Archive for Aug, 2017

I can understand the sympathies of those who wished to remove the sculpture of General Lee from the Emancipation Park, but I can’t agree with them. The statue is a part of Virginian history, and although it represents a dark chapter in their past it should not be ignored. History is about honesty not morality. Perhaps a reorganization of the park would be more suitable, with other important historical figures that opposed General Lee included. General Lee was can be regarded as a radical figure in American history, an icon that contradicted the idea of national solidarity and was one of the most rebellious men that ever existed in America since its conception. I’ve always believed that America’s public history challenges the notion of true American nationalism, there are several controversial statues that outline this point; the Benjamin Tillman statue in South Carolina is a replica of man who was once famous for lynching black Americans, there is a sculpture in Alabama of Edmund Pettus, a renowned Senator and a Ku Klux Klan leader. These figures were both had significant roles in undermining progressive policies in post-civil war America. Why haven’t these statues caused controversy and uproar since they were erected? Could it possibly be that the General Lee statue became a beacon of resentment against Trump and his political culture? Perhaps this is a reminder that no matter how much we try to protect history it will always be politicised for one reason or another.

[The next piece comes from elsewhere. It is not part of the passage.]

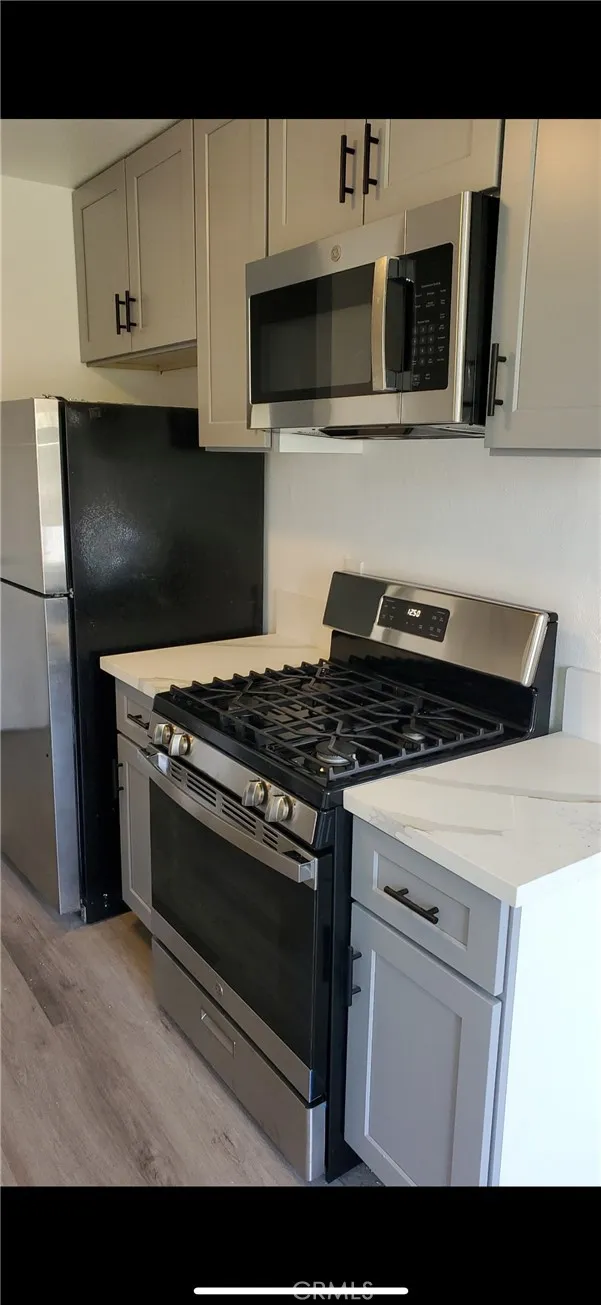 700 W La Veta #E4 Orange, CA 92868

If the protests themselves were much more about the entrenched cultural and racial tensions that exists in America as opposed to the Sculpture itself (but of course they are linked). Then one must also state that no socio-political group came out of the protests with any glory; the White Supremacists demonstrated what a violent joke and a disgrace they are and the counter-protesters must also share some responsibility for the violence they conducted. If anything, the events in Virginia are revealing the flaws and the lack of credibility that so often comes with protesting radically  against the establishment. Large sections of the UniteTheRight rally refused to use the methods of nonviolent protest and instead came to the Charlottesville armed with intent to incite racial hatred. This rally was organised by Robert Spencer a man who allegedly coined the term “alt-right”.  The alt-right have had some legitimacy in the past for exposing the Neo-liberal agenda and its tools of injustice, but the perception of the Alt-Right as a racist movement now has some weight and thus as a group they have surely lost a lot of credibility.

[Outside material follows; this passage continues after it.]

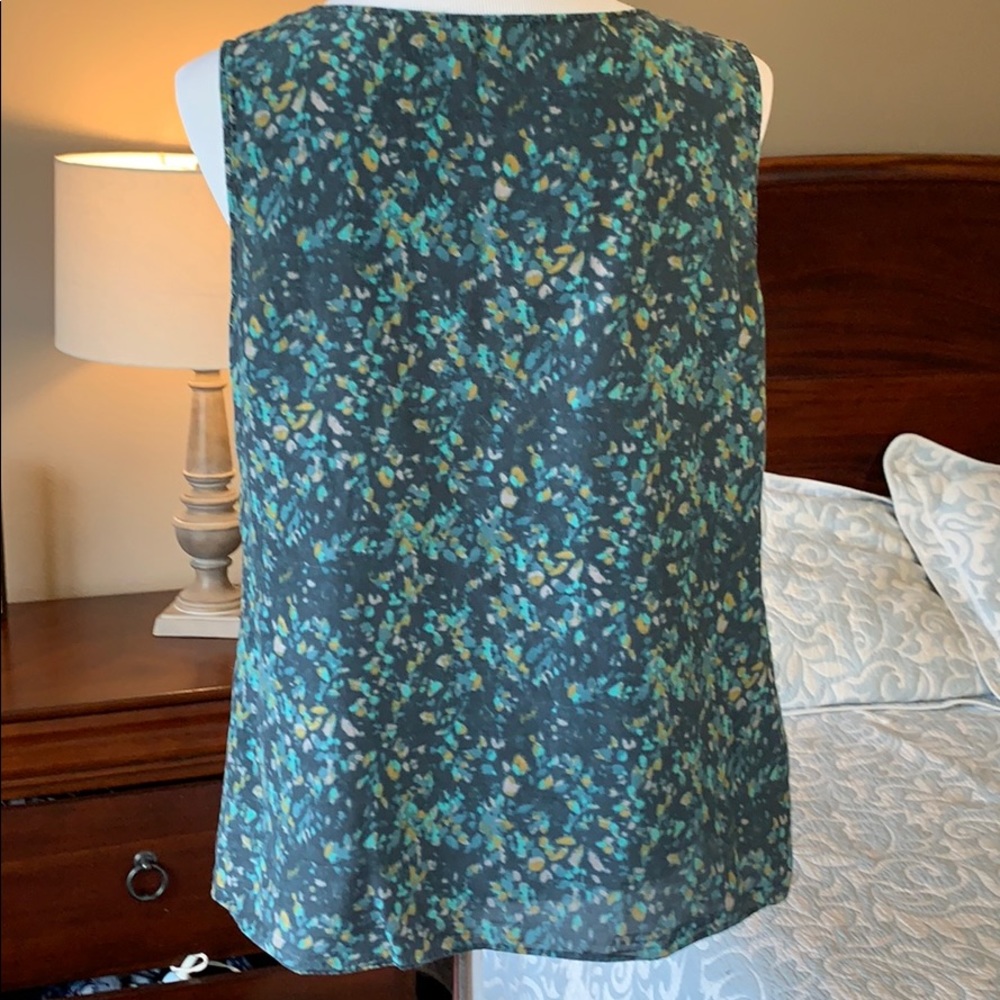 Green print sleeveless blouse large Eddie Bauer - Picture 3 of 7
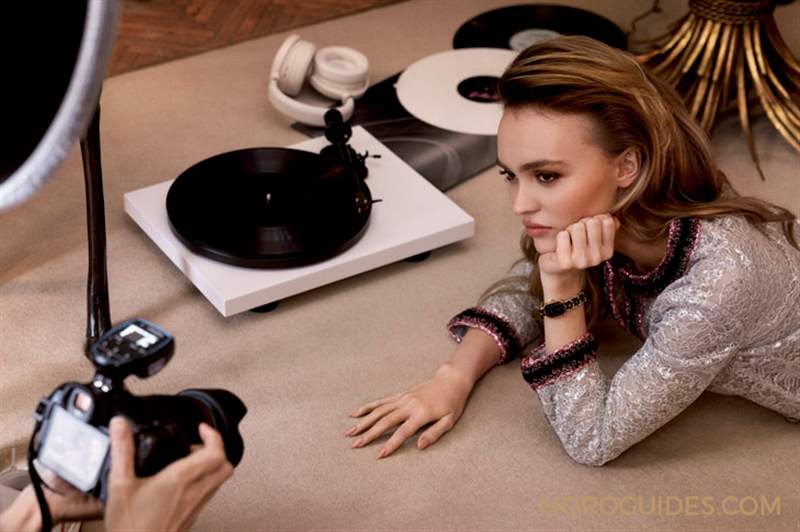 CHANEL - CHANEL Première腕表－原创款形象大使，为什么是Lily-Rose Depp？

The Counter-protester’s actions mirror those used by previous self-proclaimed left wing groups who have used  extremely aggressive methods to express their point. Although, they claim to be progressive, their political motives are cloudy; they claim to fight for the civil rights for each American citizen but they often trample over the values of free speech and liberty. I believe that this group often begin with the right intentions as many of their leaders often speak of creating a more democratic and fair America, but their behaviour and action often betray their words. So it seems that the radical wings of the political spectrum inhabit groups that use oppressive and coercive methods of political protest. Some may call this the death of politics, but perhaps we are need of a new rational and pragmatic force that does not abide by a political wing so strictly. Or perhaps this is the time when we must not have any restraint in our political ideology. I believe there are plenty of opportunities for political compromise but perhaps we must remember the roots of our political principles and that we must adhere to them with integrity.